**Exercise aim**
From the line below containing "Revascularization and Replantation" to the final line, print each line exactly as written. No pictures belong in the copy.

[Image-caption web data]
>>>

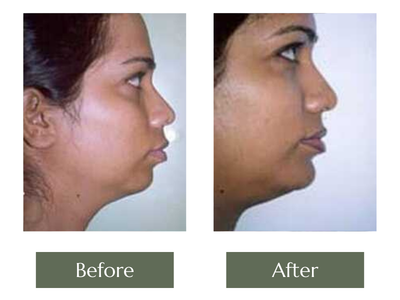 Chin Augmentation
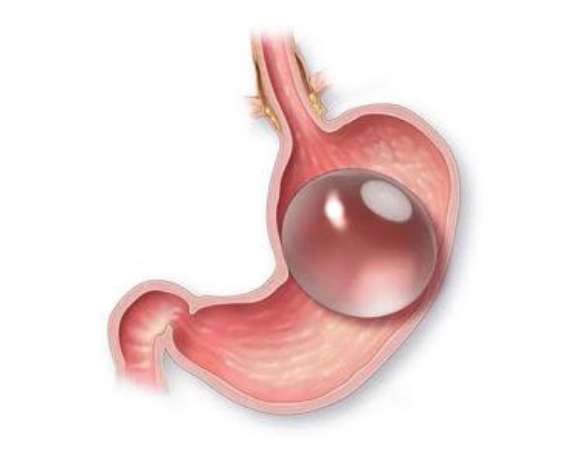 What is Gastric Ballon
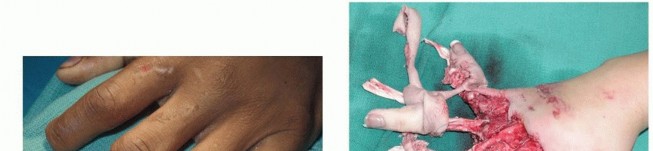 Revascularization and Replantation of the Digits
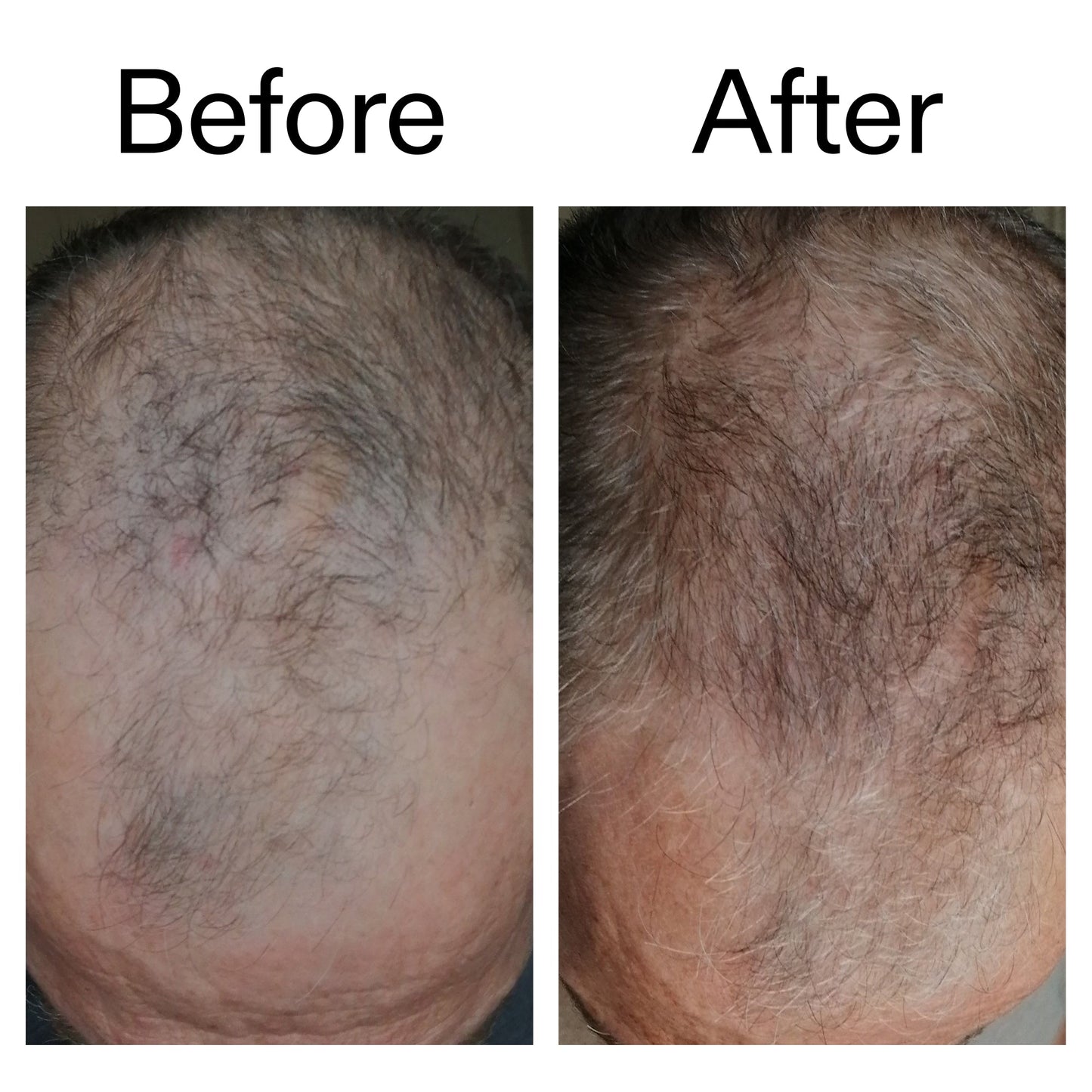 caffeine-stimulating-scalp-treatment-j8 Caffeine_Scalp_Treatment_B_A_Ppage_2000_x_2000.jpg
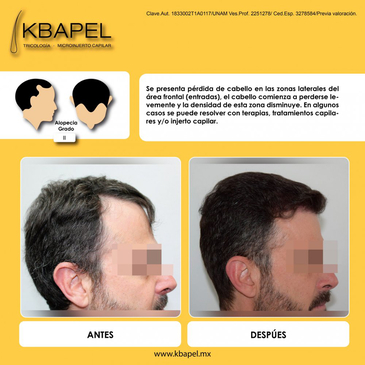 Slider image (4) Kbapel Hair Transplant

<<<

**Written solution**
 Revascularization and Replantation of the Digits
 caffeine-stimulating-scalp-treatment-j8 Caffeine_Scalp_Treatment_B_A_Ppage_2000_x_2000.jpg
 Slider image (4) Kbapel Hair Transplant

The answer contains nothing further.